The above LOO experiment included all the three components of vector f as features. Table 2 shows classification results for LOO experiment, but with different number of features. As is clear, including all the three features does improve the performance of the classifier. Adding more features such as radial diffusivity, linear anisotropy, etc. did not improve the performance of the classifier.

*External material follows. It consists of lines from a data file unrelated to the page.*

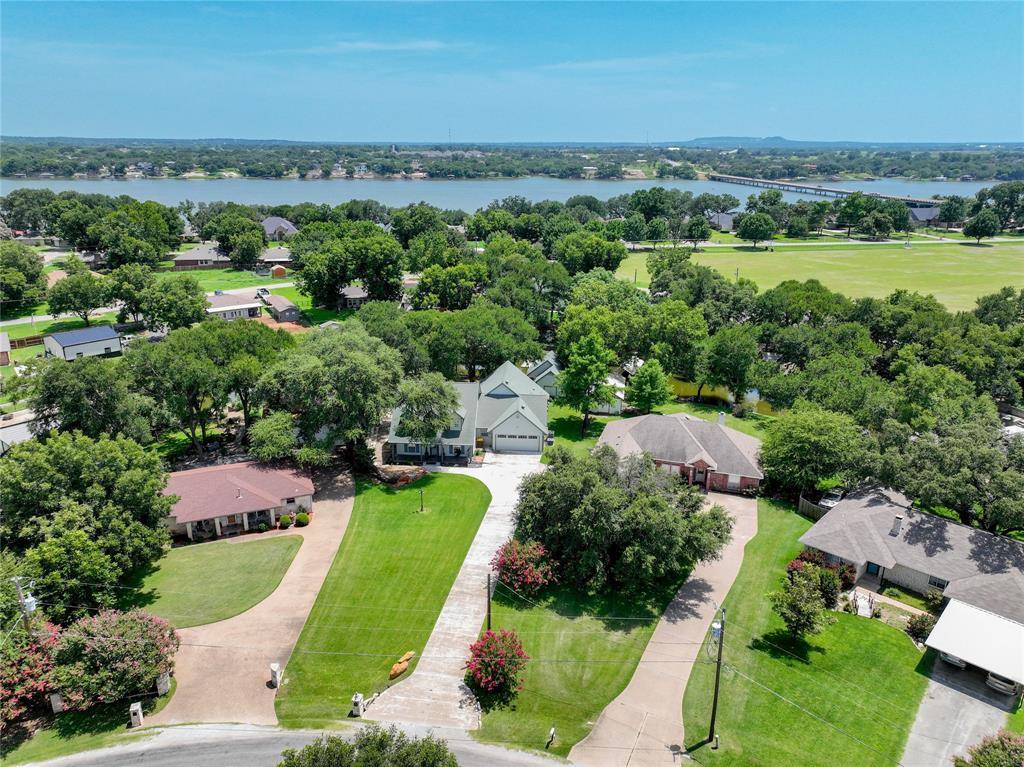 Granbury, TX 76049,213 Granada Calle Street
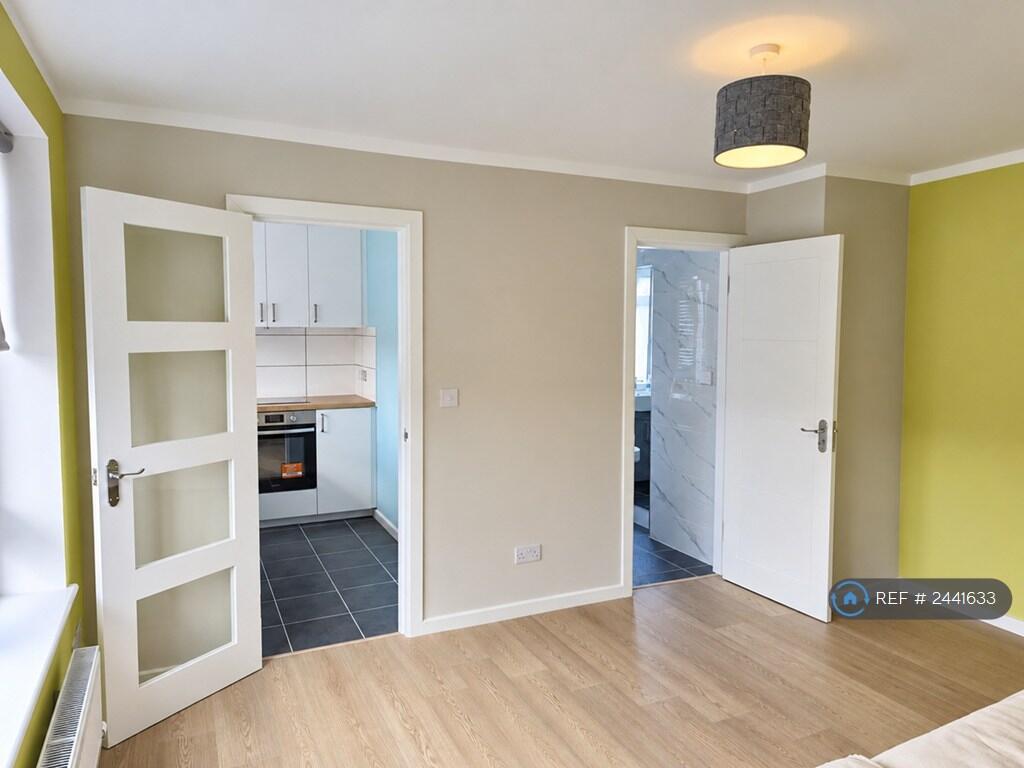 Main image of property: Windsor Court, London, N11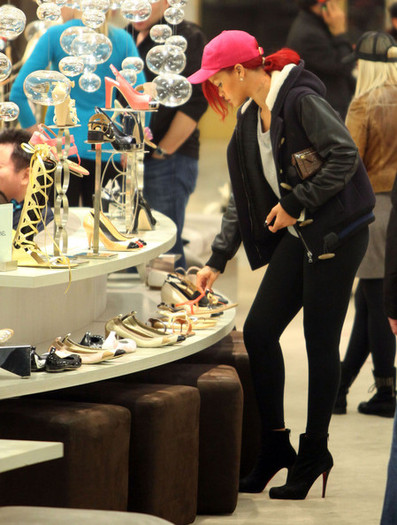 Rihanna+Rihanna+Christmas+Shopping+Beverly+SNDJD-rxuWll - Rihanna Christmas Shopping In Beverly Hills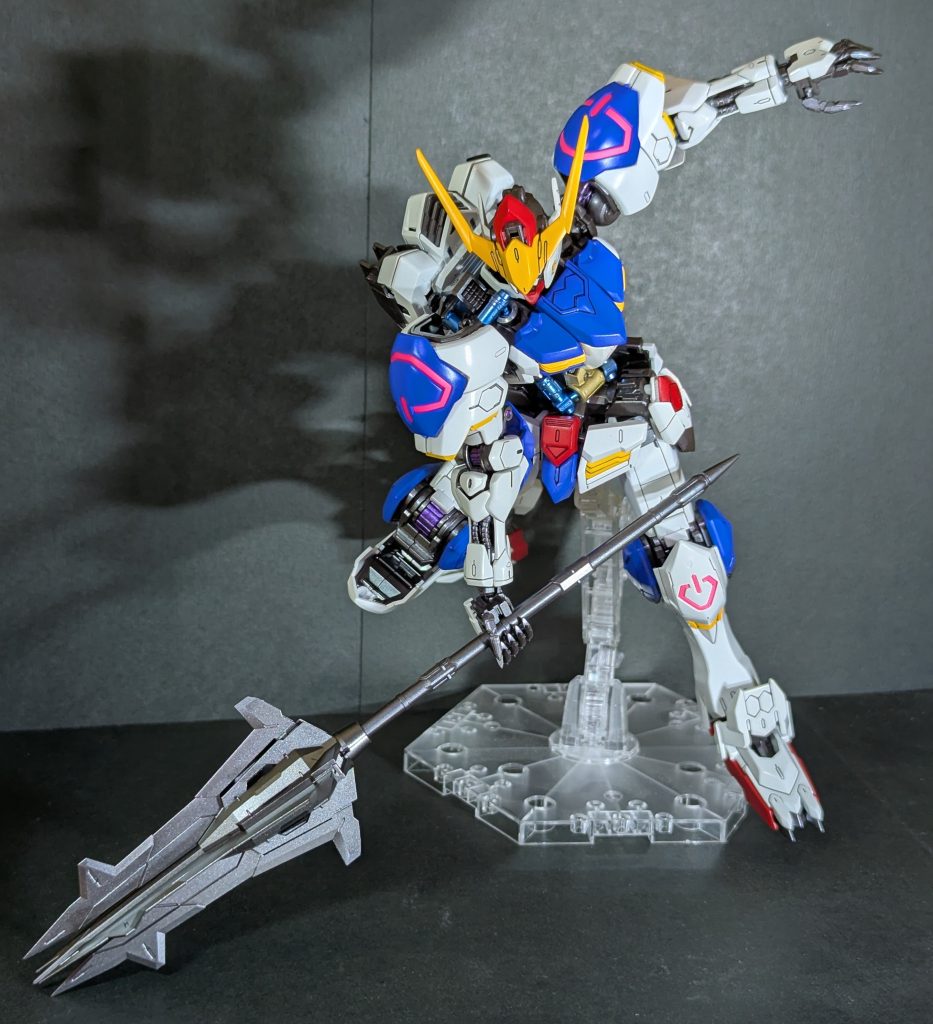 ガンダムフレームの可動域凄い、バンダイの技術の賜物ですね✌️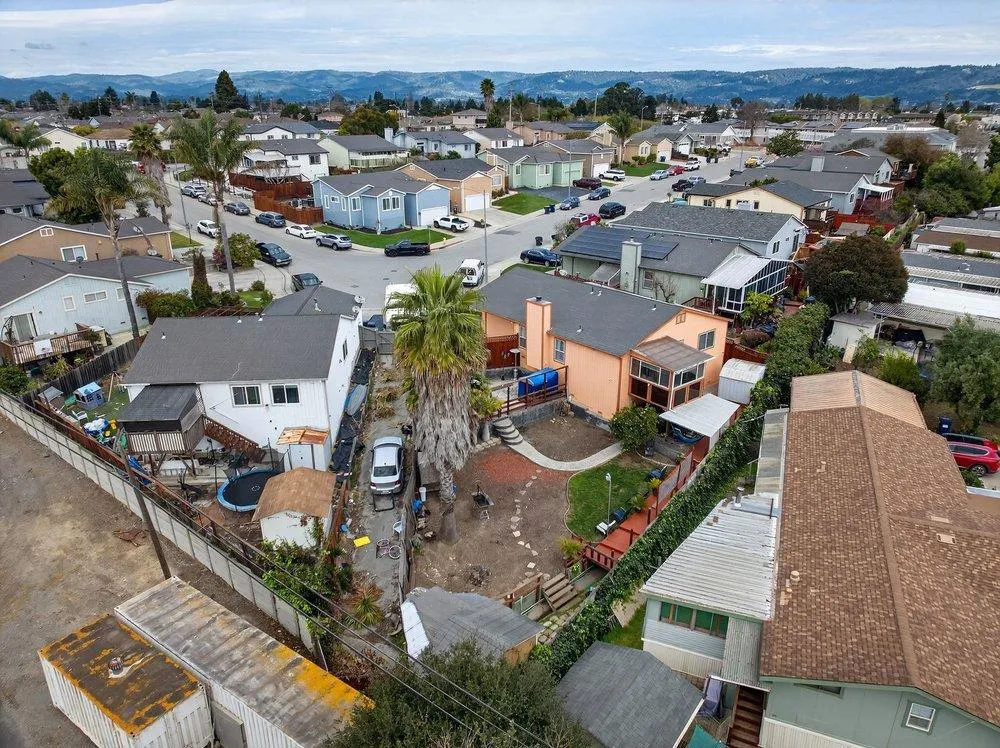 225 Kimberly Watsonville, CA 95076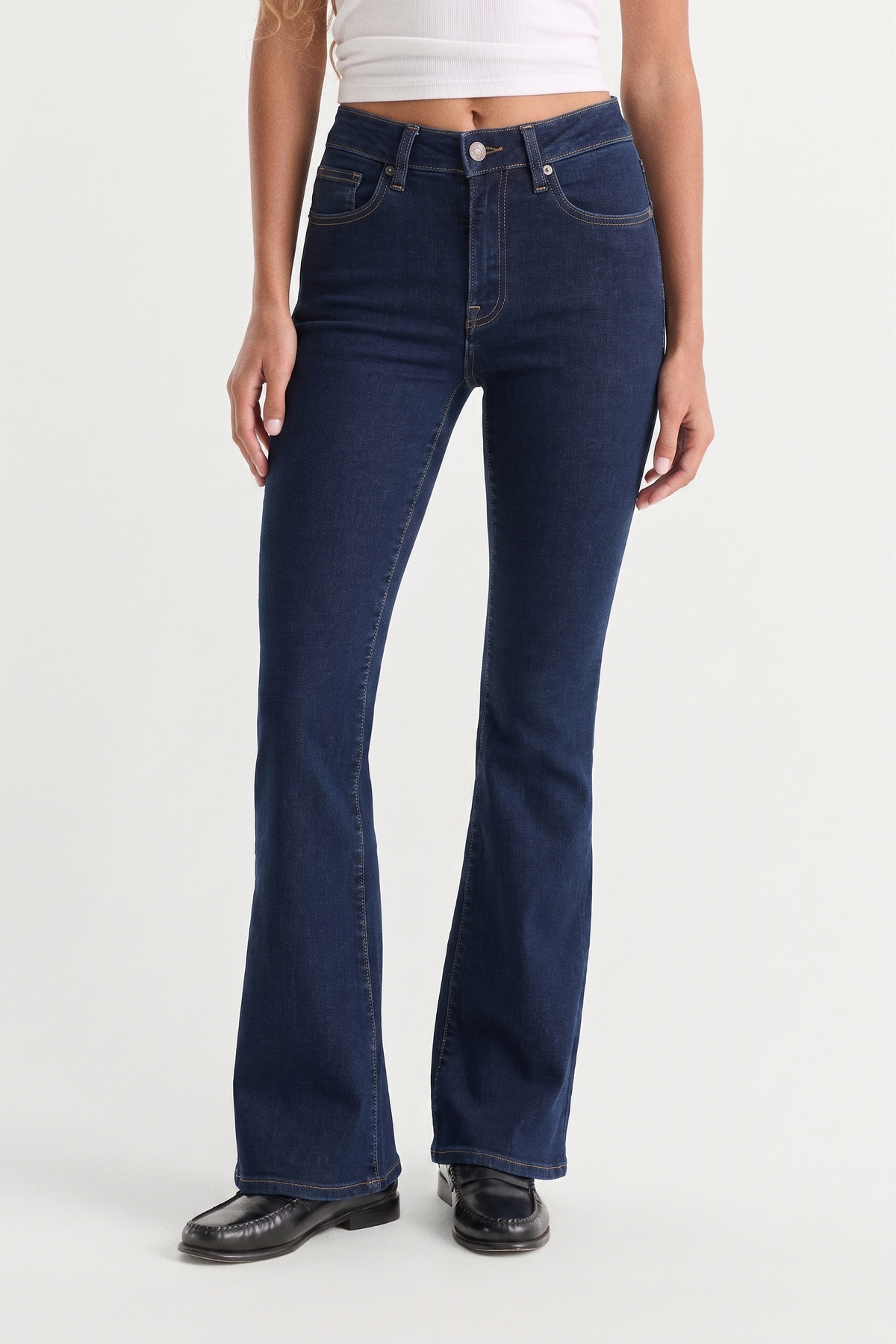 ALWAYS FITS GOOD PETITE FLARE JEANS | INDIGO1317-3 | GOOD AMERICAN | MODEL_A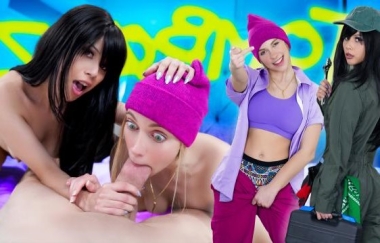 Penelope Reed, Khloe Kapri - The Mechanic Gals Nipple Kink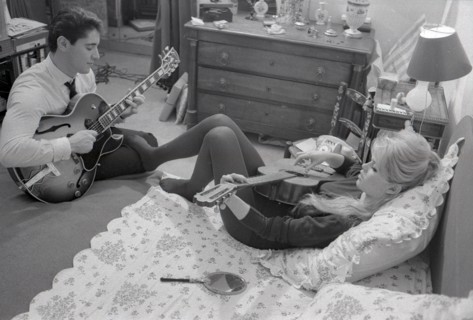 Brigitte Bardot et Sacha Distel (1958)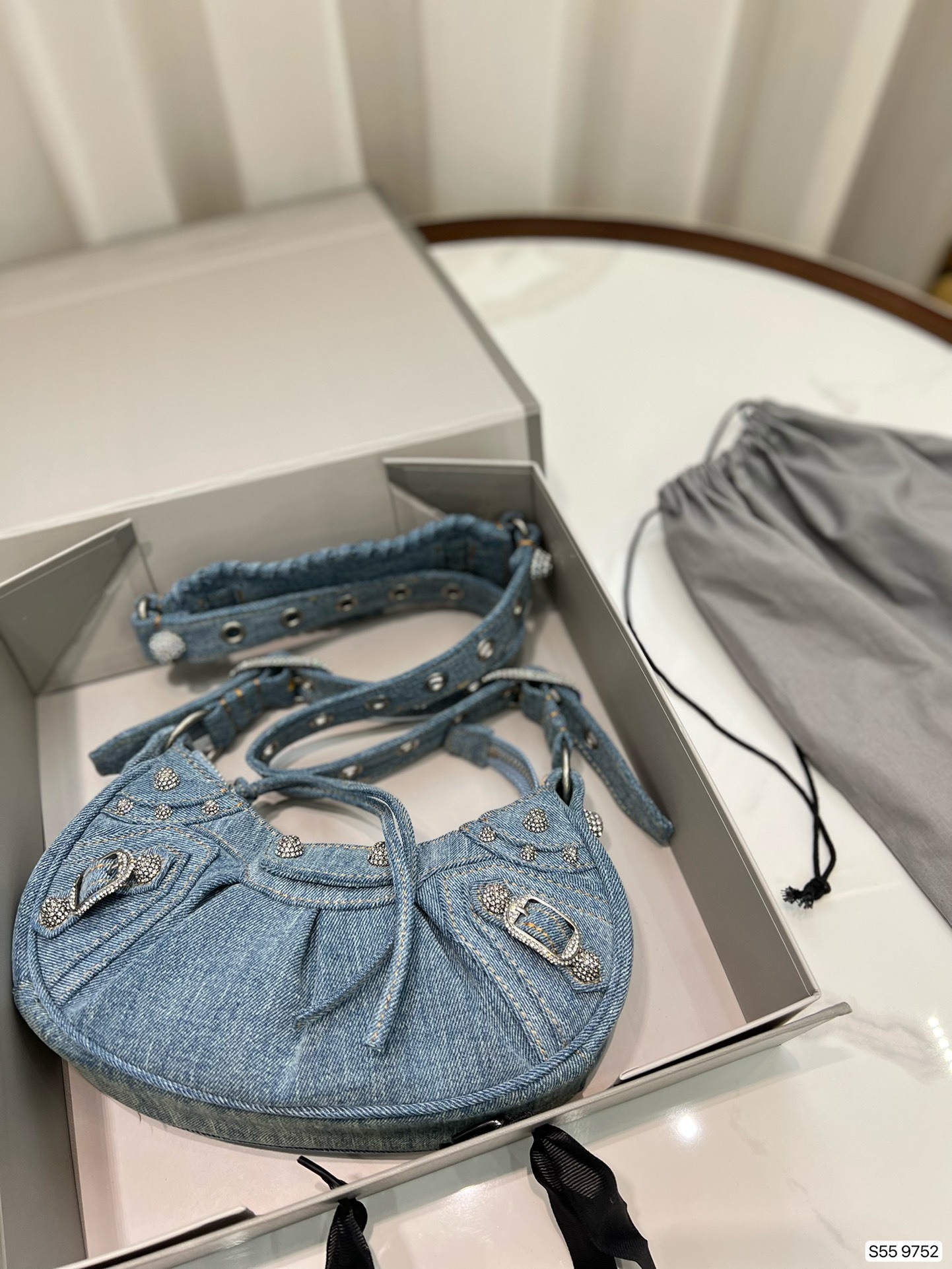 $80-LDN-661 BACGA gallery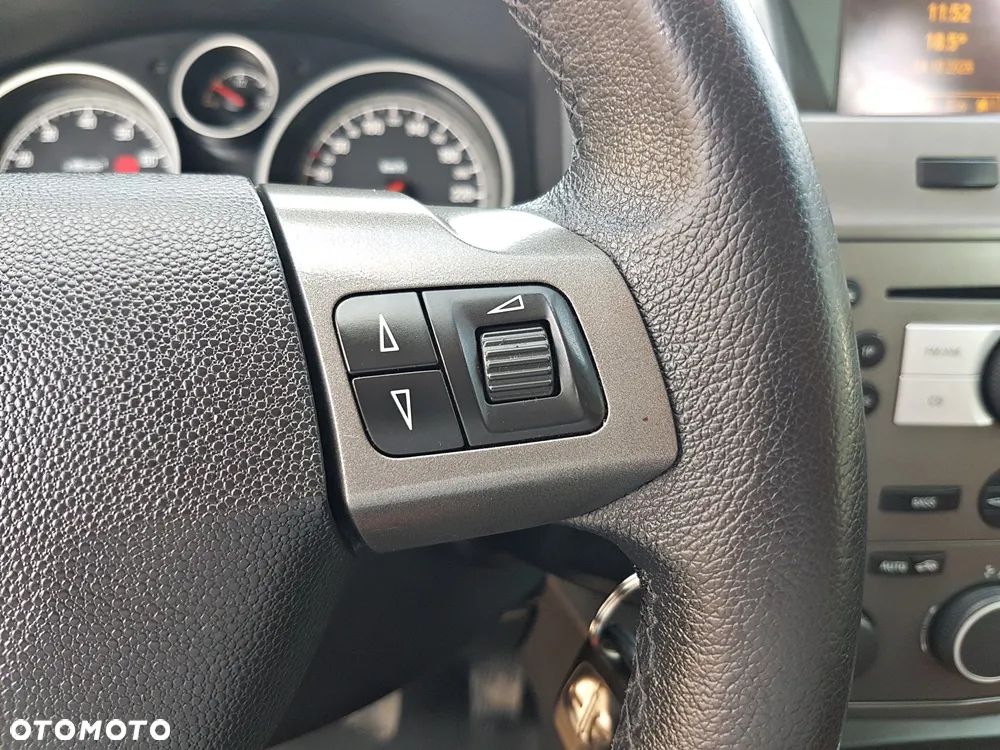 Opel Zafira 1.8 Innovation - 26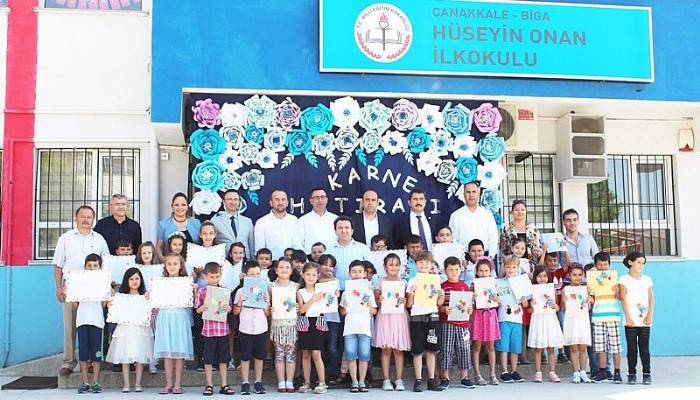 BİGA'DA 14 BİN ÖĞRENCİ KARNE ALDI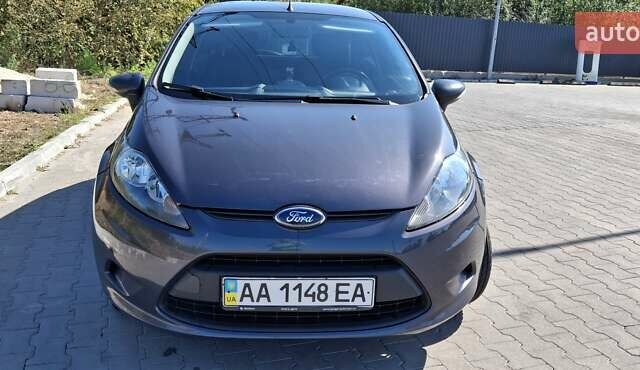 Сірий Форд Фієста, об'ємом двигуна 1.2 л та пробігом 210 тис. км за 5800 $, фото 1 на Automoto.ua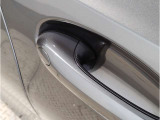 【デザインとの融合】BMWデザイナーが創り出したボディデザインを損なう事のない様に配置とデザインに拘っています。ドアノブについてもBMWの拘りに妥協はありません。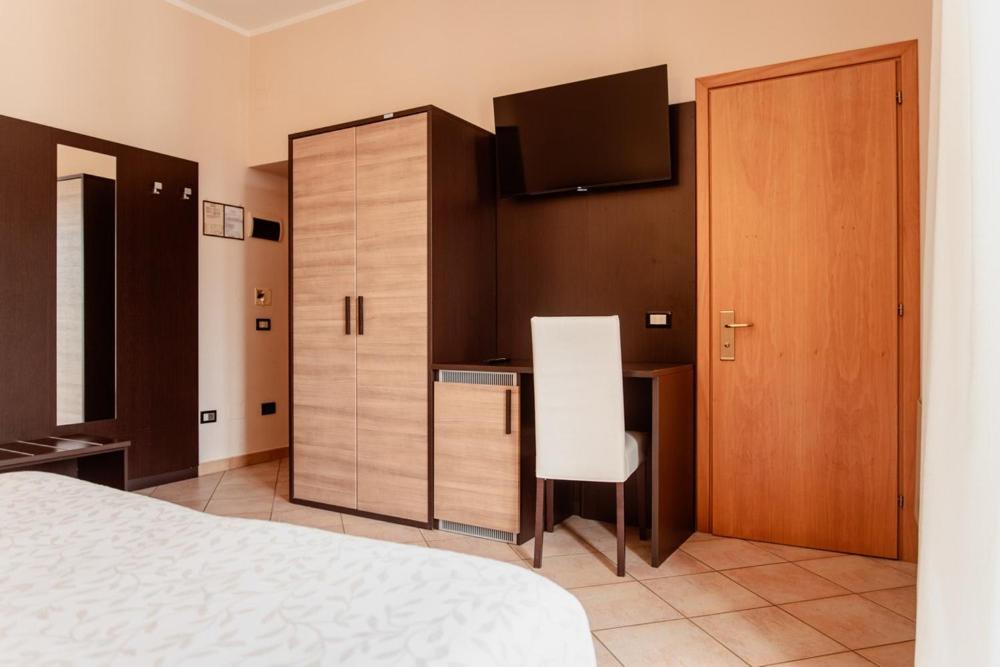 Hotel Rossi Манчіано Екстер'єр фото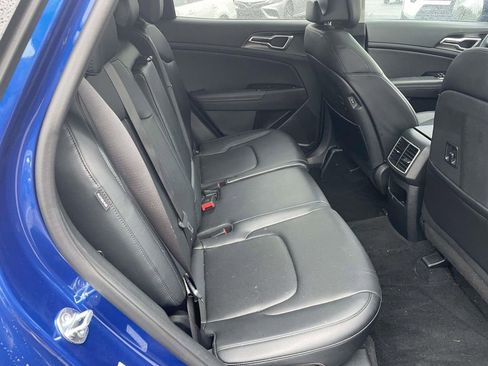 Used 2025 Kia Sportage EX w/ Premium Package image 45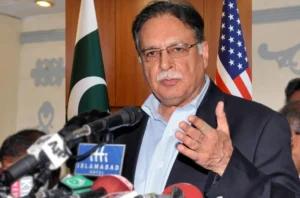 Pervaiz Rasheed speaking at press conference discussing Asim Munir merit based appointment and leadership role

Table 2 Classifier performance for LOO experiment with different features

5 Discussion

In this paper, we proposed a novel probabilistic classification method for separating first-episode schizophrenic patients from age-matched normal controls using anisotropic measures derived from diffusion tensor images. The output of the classifier is a probabilistic score of a previously unseen subject being FE or NC. We validate the proposed classifier using a leave-one-out experiment obtaining a sensitivity of 90.91 % and specificity of 90 %. In this work, we chose the entire white matter to perform classification. However, individual fiber tracts such as corpus callosum, fornix, cingulum bundle, etc. may be able to provide more information regarding the variation of these fiber bundles in either population. Our future work entails examining these fiber tracts to detect abnormalities and subsequently use them for probabilistic classification. We should note that the methodology presented here is quite general and can be applied for classification of many other types of brain disorders (bipolar disorder, schizotypal personality disorder, etc.).

This work is a first step towards early detection of schizophrenia, which can result in better patient care. Further, the probabilistic methodology proposed in this work could be used to study the effect of medication by analyzing changes in white matter anisotropy.